よく「AIが普及すると49%の職が無くなる(職を失う)」と、マスコミなどで取り上げられますが、今やっている仕事の49%を、AIがやってくれるようになる、と解釈出来るかもしれませんね。
近い将来AIを導入した幼稚園では、顔認証システムと追尾カメラによって「A君は8:57に登園し、15:13に母親のお迎えで降園。その間、教室で4時間25分、運動場で56分、絵本コーナーで34分、廊下やトイレで21分間過ごしました」などのレポートが、すぐに担任の先生の元に届くかもしれません。また、運動場で過ごした56分間の記録が映像として見られ、「A君はB、C、D君らとサッカーをした後、鉄棒で逆上がりの練習をしたんだな」と分かるかもしれません。そんな幼稚園は、きっと園内がこんなカメラだらけになっていることでしょう。

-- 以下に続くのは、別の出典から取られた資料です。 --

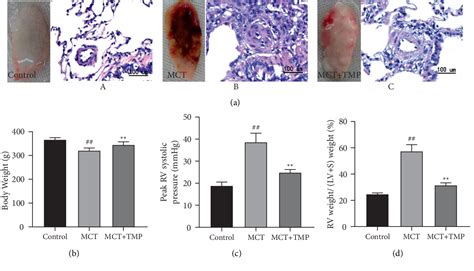 miao lv shoes|Tetramethylpyrazine Improves Monocrotaline.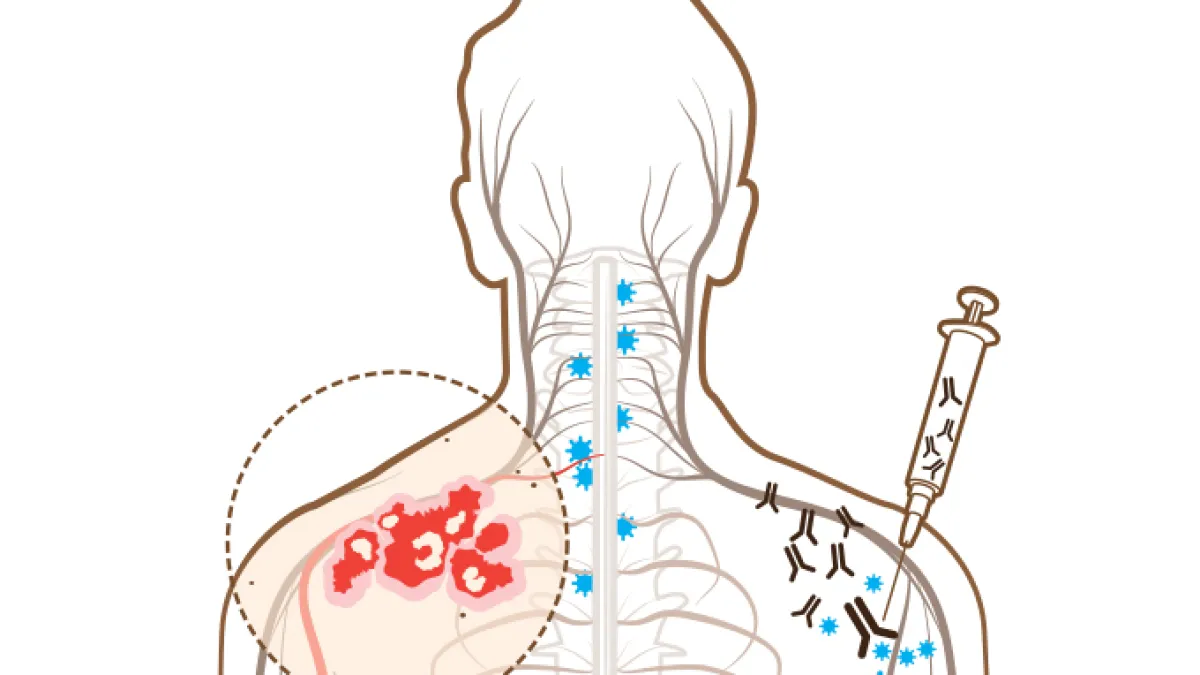 Canetas emagrecedoras aumentam risco de herpes-zóster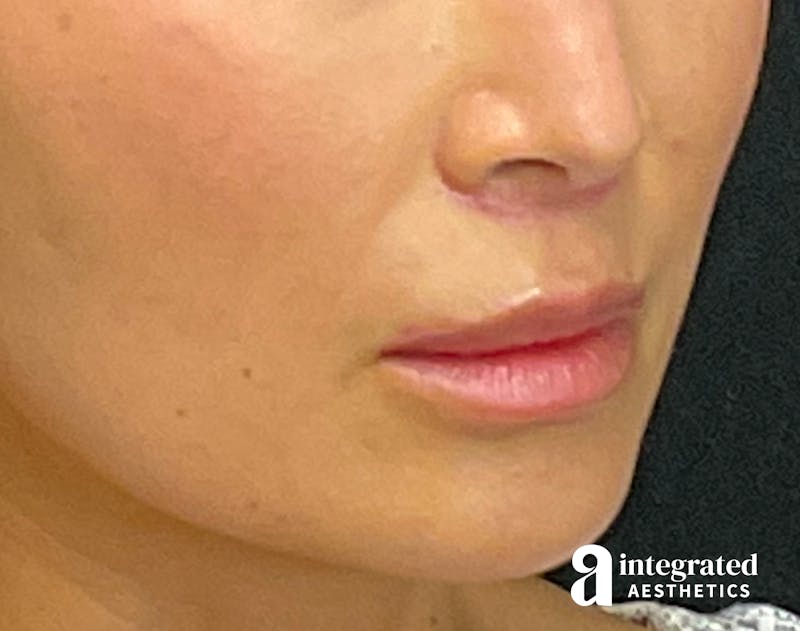 Lip Lift Before & After Gallery - Patient 133212957 - Image 8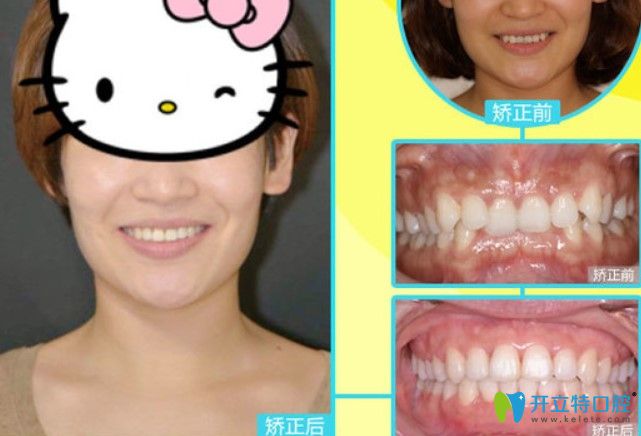 長沙中諾口腔深覆合+牙齒擁擠矯正案例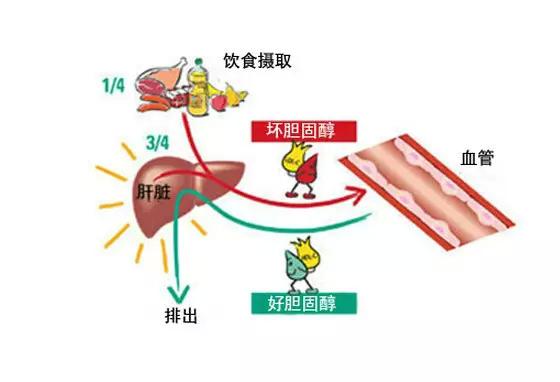 膽固醇引起肥胖心血管疾病怎麼辦降低膽固醇記住這5招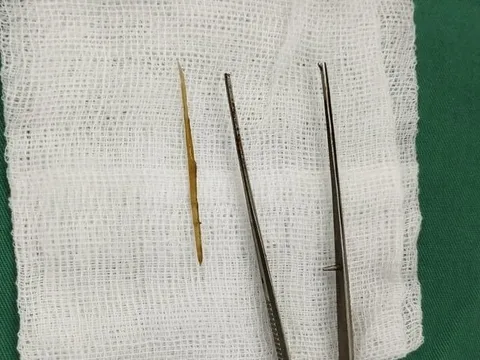 Một cô gái bị thủng ruột non do nuốt phải tăm tre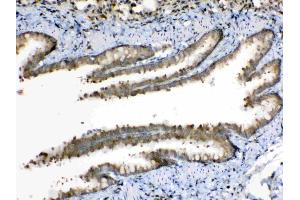 Immunohistochemistry (IHC) image for anti-Periplakin (PPL) (AA 1664-1701), (C-Term) antibody (ABIN5518787)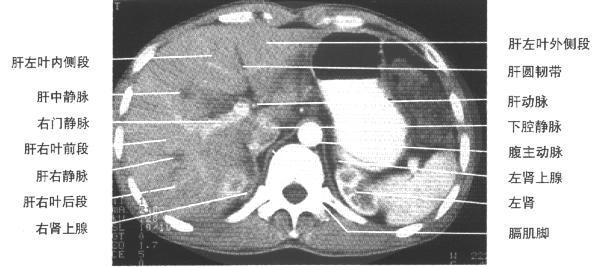 jp0135:[转帖]正常腹部ct解剖图谱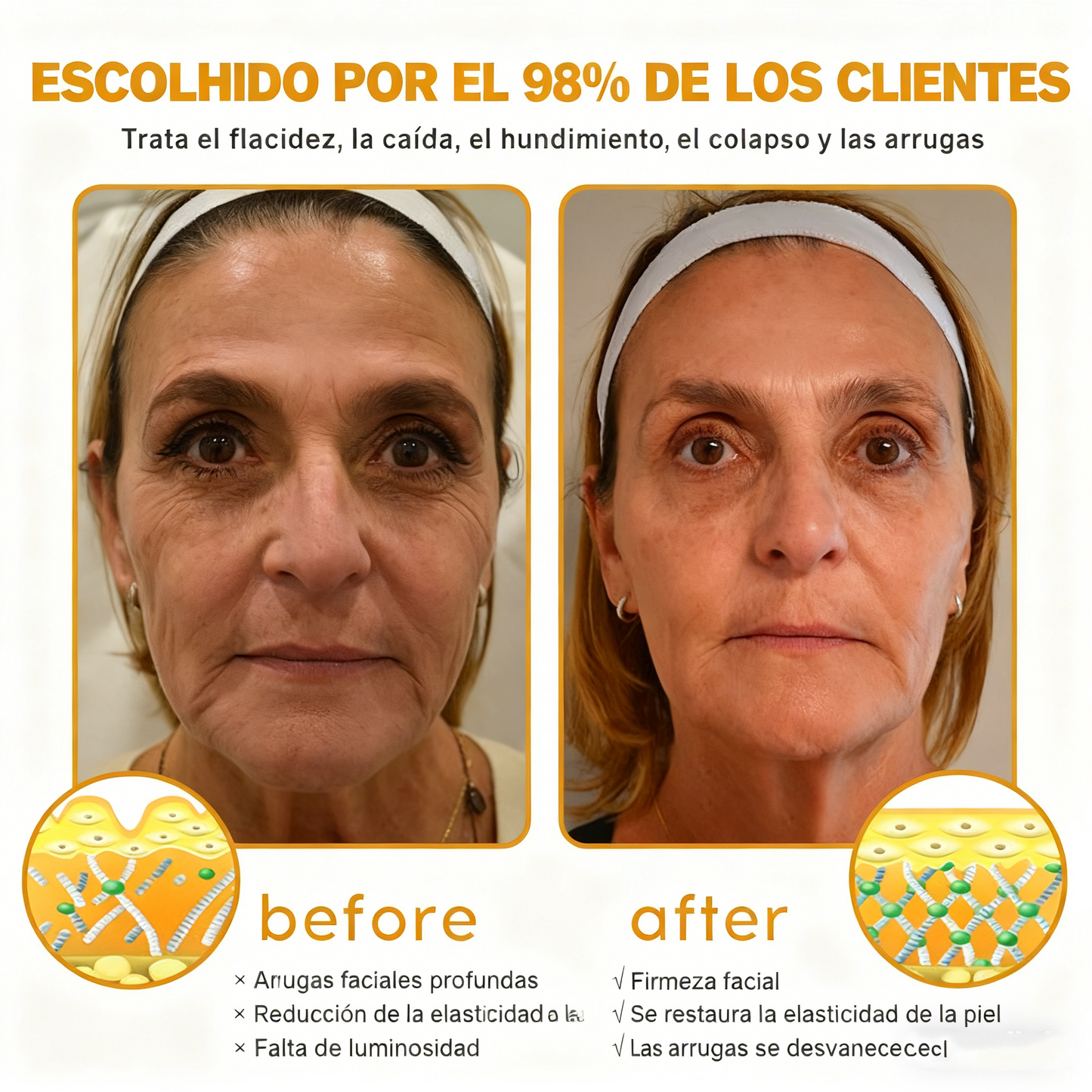 Crema Solaryra® para eliminar arrugas con veneno de abeja y botox (fabricada y enviada desde EE. UU.)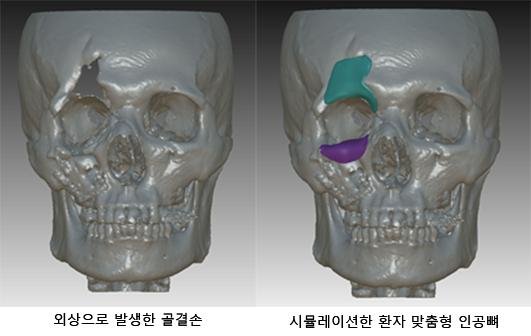 외상으로 발생한 골결손(왼쪽 사진)과 시뮬레이션한 환자 맞춤형 인공뼈 고려대학교의료원 제공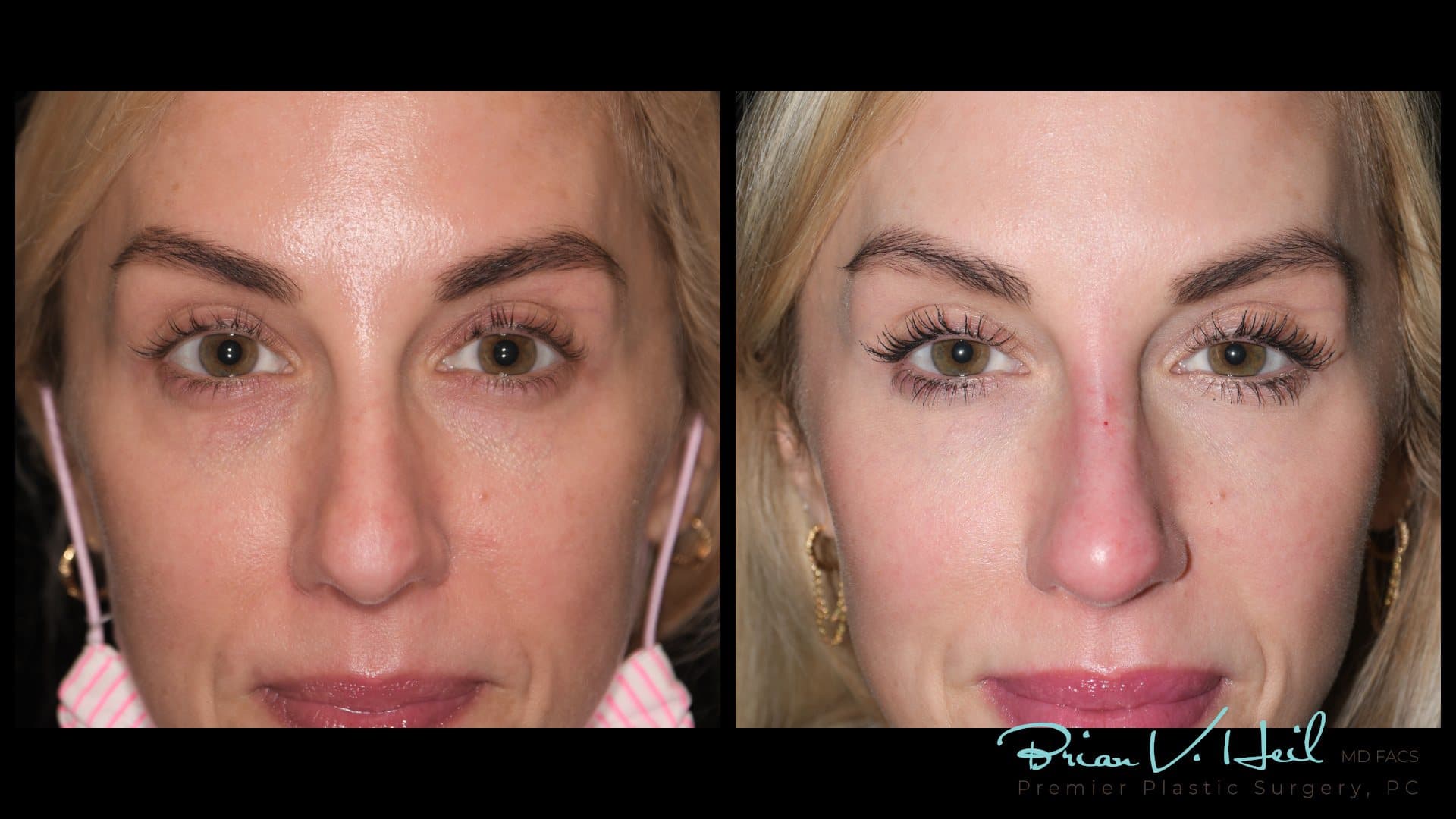 CO2 laser resurfacing, Patient 2, front: before and after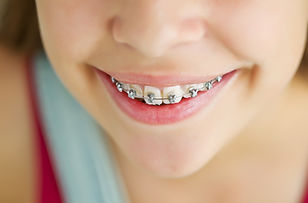 Silver braces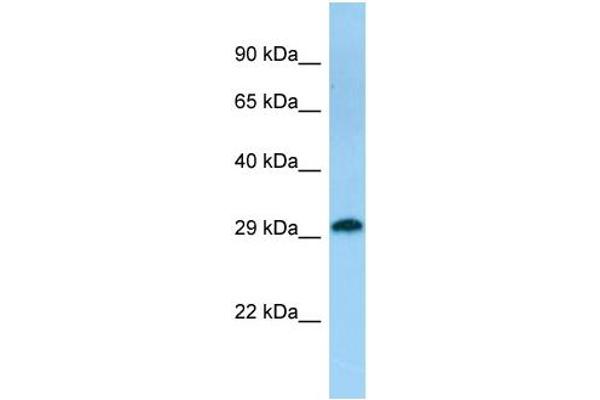 anti-Coiled-Coil Domain Containing 44 (CCDC44) (C-Term) antibody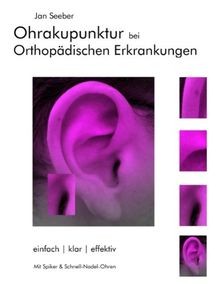 Ohrakupunktur bei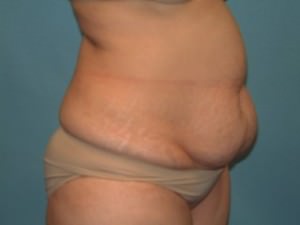 Tummy Tuck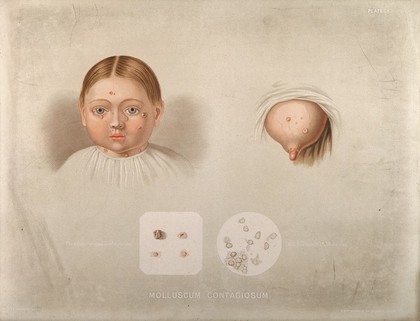 Diseased skin on the face of a girl suffering from molluscum contagiosum, shown beside a diseased breast, with two details below showing sebaceous follicles and cells as seen under a microscope. Chromolithograph by E. Burgess (?), 1850/1880?.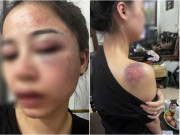 Tin tức - Tin tức 24h: Bị tố bạo hành vợ dã man từ 23h đến 4h sáng, chồng bất ngờ lên tiếng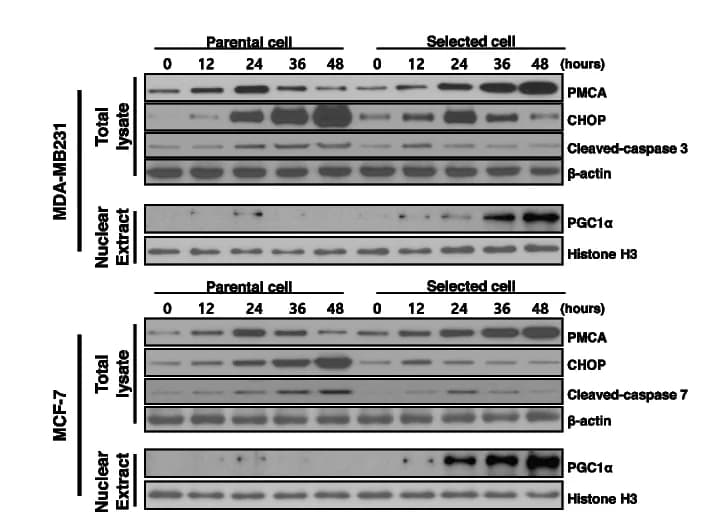 Open access visualization of Gel, Immunoblot Analysis, PMCA, CHOP, PGC1α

(写真は私が昨年9月に訪問した中国・深圳の街角で撮影した監視カメラ群)

皆様はどう感じるか分かりませんが、私はこんな幼稚園は、どうも嫌ですね。園児を見ているより、「監視」しているみたいで・・・。
話は変わるようですが、この新コロナ禍。
私は戦争に匹敵するような「国難」だと思っています。三月の末、私はこのような時期に幼稚園という小さな組織で、いったい何が出来るのでしょうか?という質問を、ある信頼する方に向けました。すると・・・
「子ども達の歌声、笑い声。それらが幼稚園から流れてくる。それだけで、付近にいる人や地域にとって、どれだけの慰めになることでしょう。幼稚園は地域の灯(ともしび)である、という想いをもって頑張って下さい」という助言を頂きました。
その通りです。国も久留米市も沈滞ムードが漂っています。本園に神様から今の「役割」が与えられているなら、子ども達の存在そのものが持つ力を、存分に発揮させることです。

人間にあってAIに無いものは「命・心・情」です。AIはあくまで数学的演算、統計や確率で解を導きます。計算ではこの三つの正解を見つけることは(今のところ)不可能でしょう。
幼稚園の先生として、また一人の大人としてその命が輝くような生き方が出来る。子ども達に対して「嬉しいね」「悲しいね」「悔しいね」と、心に寄り添う。保護者に対しても「ご心配でしょうね」と共感・共鳴出来る。
そんな先生達であって欲しいものです。逆言えば、そのような心や情が分からない、または無いような先生は、AIに代わってもらった方が、よほど良いかもしれません。
保育技術が未熟であっても、明るく朗らかで、笑顔が素敵な先生は、子どもからも保護者からも人気があります。このことは、いつの時代も変わらないようです。